Как и все млекопитающие, дельфинихи и китихи кормят своего детеныша молоком. Мягких губ у китообразных нет, но они охватывают материнский сосок скрученным в трубочку языком. Молоко очень жирное и позволяет малышу быстро набирать вес и накапливать жир, необходимый для теплоизоляции в воде. Особенно актуально это для китят: у усатых китов детеныши довольно быстро отделяются от матерей и обретают самостоятельность – как правило, это происходит в возрасте около полугода или чуть больше. У зубатых китов этот срок дольше – мелкие виды вроде морских свиней могут кормить детеныша молоком около года, а у более крупных – например, у косаток – молочное вскармливание может длиться больше двух лет, хотя твердую пищу детеныши начинают пробовать уже в годовалом возрасте. Связь с матерью у многих дельфинов сохраняется существенно дольше, чем кормление молоком, – у афалины этот срок составляет несколько лет, а у рыбоядных косаток, как мы уже знаем, дети остаются рядом с матерью всю жизнь.
На Магадан
Белухи. Белухи до горизонта. Повсюду, куда ни посмотри, над водой появляются белые спины – поодиночке или небольшими группами, рассеянные по всей бухте, они белеют в волнах, как льдины в конце ледохода. Мы пытаемся их сосчитать, но это непростая задача: стоит отвести взгляд, сразу теряешься и не знаешь, где уже посчитанные животные, а где еще нет. Однако понятно, что здесь их по меньшей мере несколько сотен.
Мы движемся трансектами по бухте Авекова в вершине Гижигинской губы, сворачивая то влево, то вправо, зигзагом через скопление белух. Я и мои коллеги по этой экспедиции – Ольга Шпак из Института проблем экологии и эволюции имени Северцова и ее партнер Алексей Парамонов – упорно считаем белух, то прикладываясь к биноклю, то просто осматриваясь. Белушьему полю не видно конца и края – похоже, они равномерно распределены по всей вершине бухты от берега до берега.

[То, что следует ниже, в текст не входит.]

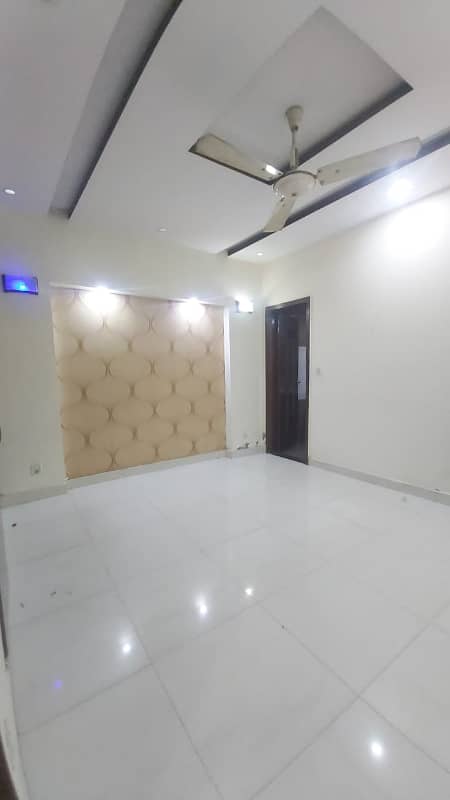 Prime Location 8 Marla Modern House Available For Rent in Bahria Town Safari Block 7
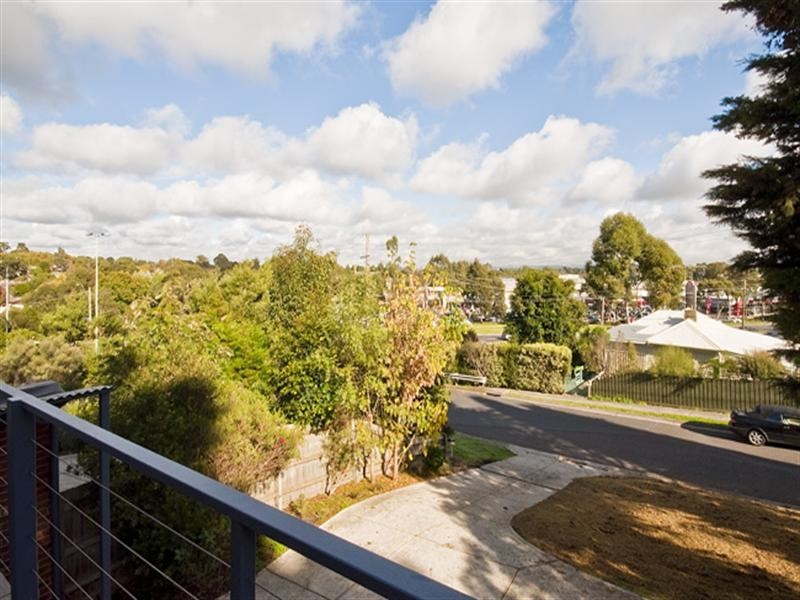 2B Newton Street, Ferntree Gully VIC 3156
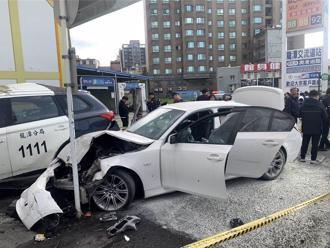 快訊》桃園飛車圍捕！BMW拒檢衝加油站 連開8槍3警負傷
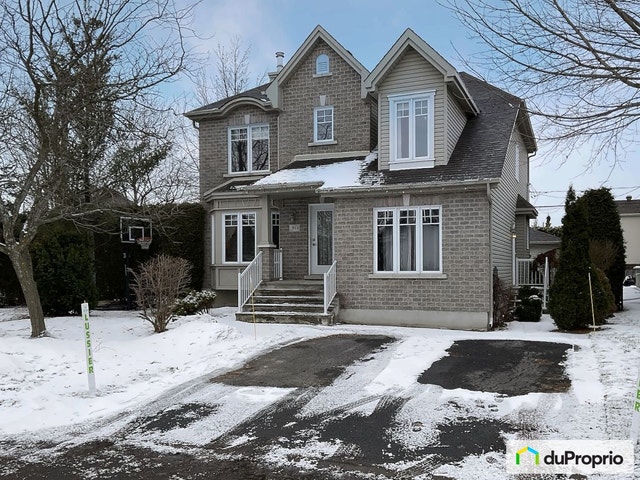 $897,500 - 2 Storey for sale in Ste-Julie — photo 1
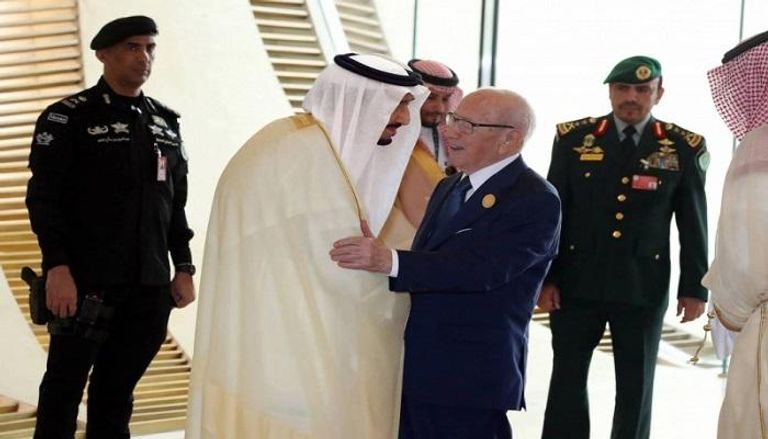 العاهل السعودي والرئيس التونسي خلال لقاء سابق - أرشيفية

Краем глаза замечаю, что неподалеку плывет какое-то бревно. Вообще говоря, в плавающих бревнах в этой местности нет ничего необычного – на берегу лиственница во многих местах теснит голую тундру. Но это бревно какой-то странной формы, больше похожее на торчащий из воды камень, – я даже начинаю приглядываться к нему, прикидывая, откуда здесь, посреди бухты, могут взяться подводные рифы. В этот момент камень-бревно бесшумно погружается под воду.
Я чувствую себя как Фродо на Андуине, когда он заметил бревно с глазами и гребущими лапами. Скосив глаза на коллег, вижу, что Ольга тоже пристально смотрит в то место, где утонуло бревно. В этот момент оно снова бесшумно появляется на поверхности.
– Ребята, это же гренландец! – говорит Ольга таким тоном, словно сама себе не верит.
Я тоже не верю. Весь мой многолетний опыт работы указывает на то, что киты дышат воздухом, а это плавучее недоразумение даже не делает попыток выдохнуть и вдохнуть. И тут до нас доносится легкий, чуть слышный «пых», как будто кто-то попытался выдохнуть шепотом. Даже морские свиньи дышат громче. Тут уже у Шпак не остается никаких сомнений.
– Гренландец! Леша, спускаем лодку! – решительно командует она.
Гренландские киты – один из ее любимых объектов исследования. Возможно, даже самый любимый, хотя я никогда не спрашивала ее, кто ей больше нравится – белухи или гренландцы. Но белухи – это обычный массовый вид, а вот популяция гренландских китов Охотского моря – исчезающая. Ольга много работала с ними в западной части моря, в Шантарском регионе, где располагается район ее ежегодных исследований. А вот здесь, в Гижигинской губе, на севере Охотского моря, гренландцев еще никто прицельно не изучал, и есть лишь случайные свидетельства их присутствия в этом районе.